Throw OtherError with name EJSON if JSON value is not parsed or converted.
sourceJSONFromInput :: (HasCallStack, Input i, JSON a) => i -> IO (Source a) Source #
Turn an input device into a JSON source.
Throw OtherError with name EJSON if JSON value is not parsed or converted.
sourceParsedBufferInput :: HasCallStack => Parser a -> BufferedInput -> Source a Source #
Turn buffered input device into a packet source, throw OtherError with name EPARSE if parsing fail.
sourceParsedInput :: (Input i, HasCallStack) => Parser a -> i -> IO (Source a) Source #
Turn input device into a packet source.
Sink
sinkToList :: IO (IORef [a], Sink a) Source #
Sink to a list in memory.
The list's IORef is not thread safe here,
and list items are in reversed order during sinking(will be reversed when flushed, i.e. pulled),
Please don't use it in multiple thread.
sinkToBuffered :: HasCallStack => BufferedOutput -> Sink Bytes Source #
Turn a BufferedOutput into a Bytes sink.
sinkBuilderToBuffered :: HasCallStack => BufferedOutput -> Sink (Builder a) Source #
Turn a BufferedOutput into a Builder sink.
sinkToOutput :: HasCallStack => Output o => o -> IO (Sink Bytes) Source #
initSinkToFile :: HasCallStack => CBytes -> Resource (Sink Bytes) Source #
sinkBuilderToOutput :: (Output o, HasCallStack) => o -> IO (Sink (Builder ())) Source #
Bytes specific
newParserNode :: HasCallStack => Parser a -> IO (BIO Bytes a) Source #
Read buffer and parse with Parser.
This function will continuously draw data from input before parsing finish. Unconsumed bytes will be returned to buffer.
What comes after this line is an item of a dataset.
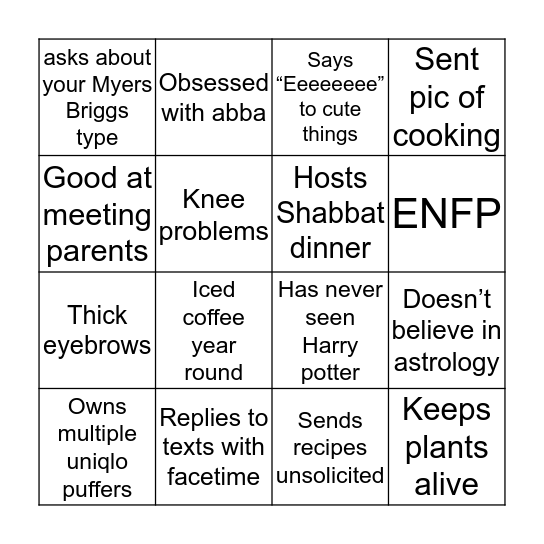 How Alex are you Bingo Card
Return Nothing if reach EOF before parsing, throw OtherError with name EPARSE if parsing fail.
Make a chunk size divider.
A divider size divide each chunk's size to the nearest multiplier to granularity, last trailing chunk is directly returned.
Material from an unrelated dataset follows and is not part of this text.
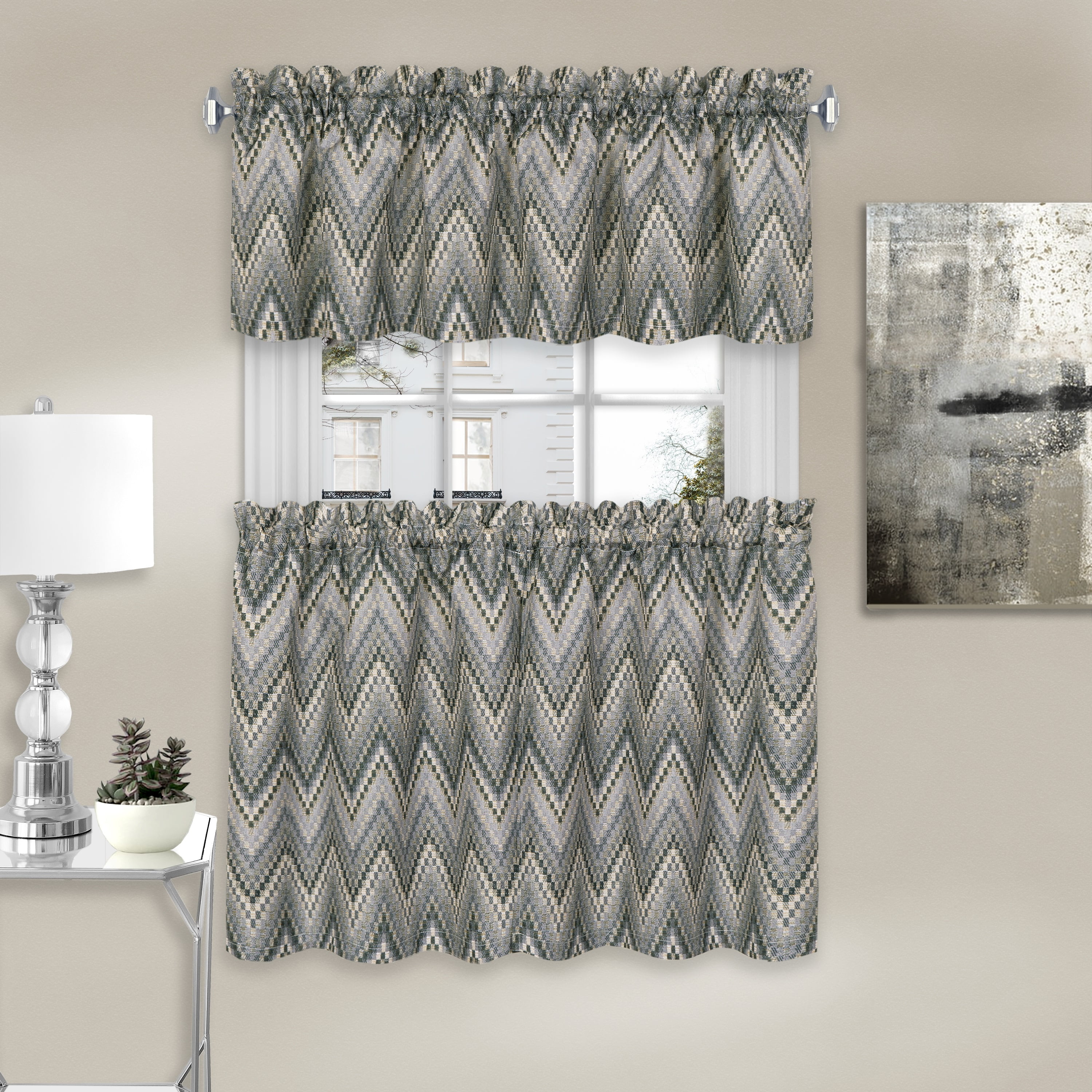 Charcoal Chevron Polyester Rod Pocket Tier Curtains and Valance Set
newUTF8Decoder :: HasCallStack => IO (BIO Bytes Text) Source #
Make a new UTF8 decoder, which decode bytes streams into text streams.
If there're invalid UTF8 bytes, an OtherError with name EINVALIDUTF8 will be thrown.`
Note this node is supposed to be used with preprocess node such as compressor, decoder, etc. where bytes
boundary cannot be controlled, UTF8 decoder will concat trailing bytes from last block to next one.
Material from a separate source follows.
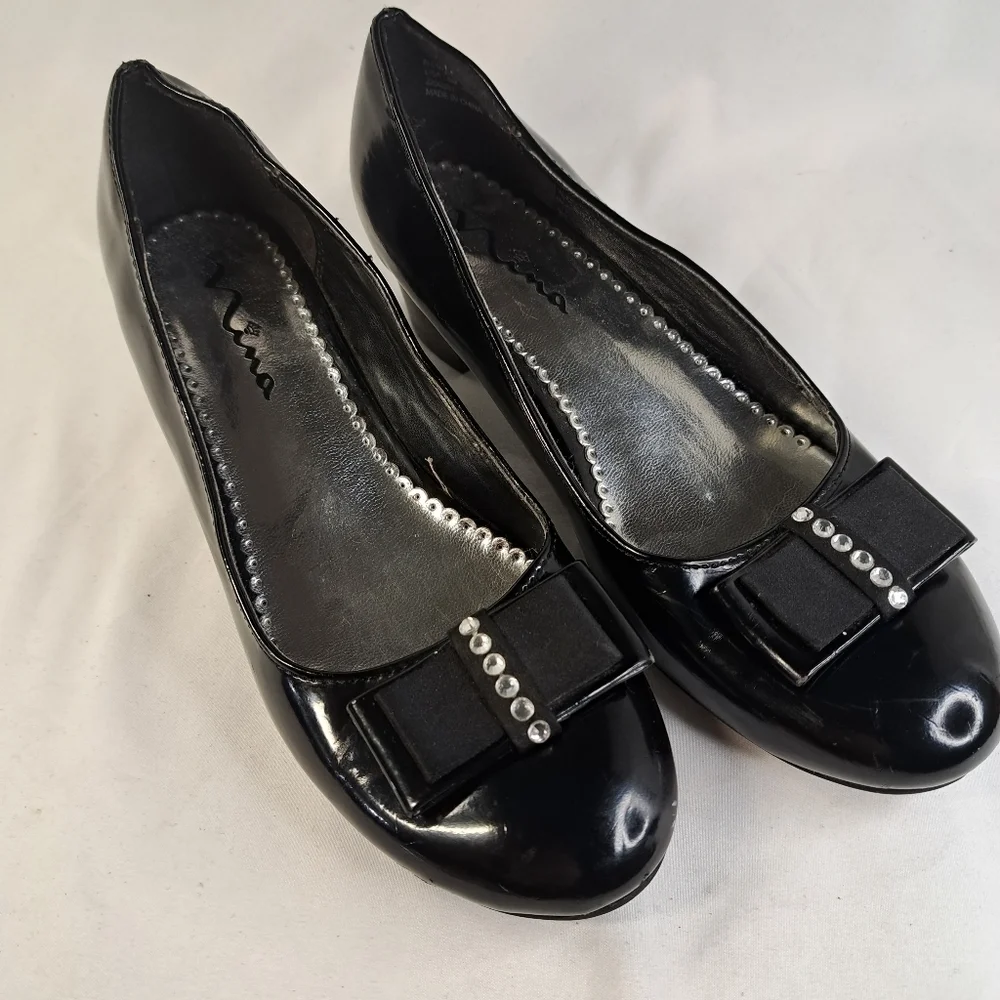 𝅺nina Black Patent Leather Heels Kids Size 3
Use this node directly with sourceFromBuffered / sourceFromInput will not be as efficient as directly use
sourceTextFromBuffered / sourceTextFromInput, because BufferedInput provides push back capability,
trailing bytes can be pushde back to reading buffer and returned with next block input together.
newMagicSplitter :: Word8 -> IO (BIO Bytes Bytes) Source #
Make a new stream splitter based on magic byte.
newLineSplitter :: IO (BIO Bytes Bytes) Source #
Make a new stream splitter based on linefeed(rn or n).
The result bytes doesn't contain linefeed.
Make a hex encoder node.
Hex encoder is stateless, it can be reused across chains.
Generic BIO
newCounterNode :: IO (Counter, BIO a a) Source #
Make a new BIO node which counts items flow throught it.
Returned Counter is increased atomically, it's safe to read / reset the counter from other threads.
newSeqNumNode :: IO (Counter, BIO a (Int, a)) Source #
Make a new BIO node which counts items, and label item with a sequence number.
Returned Counter is increased atomically, it's safe to read / reset the counter from other threads.
newGroupingNode :: Int -> IO (BIO a (SmallArray a)) Source #
Make a BIO node grouping items into fixed size arrays.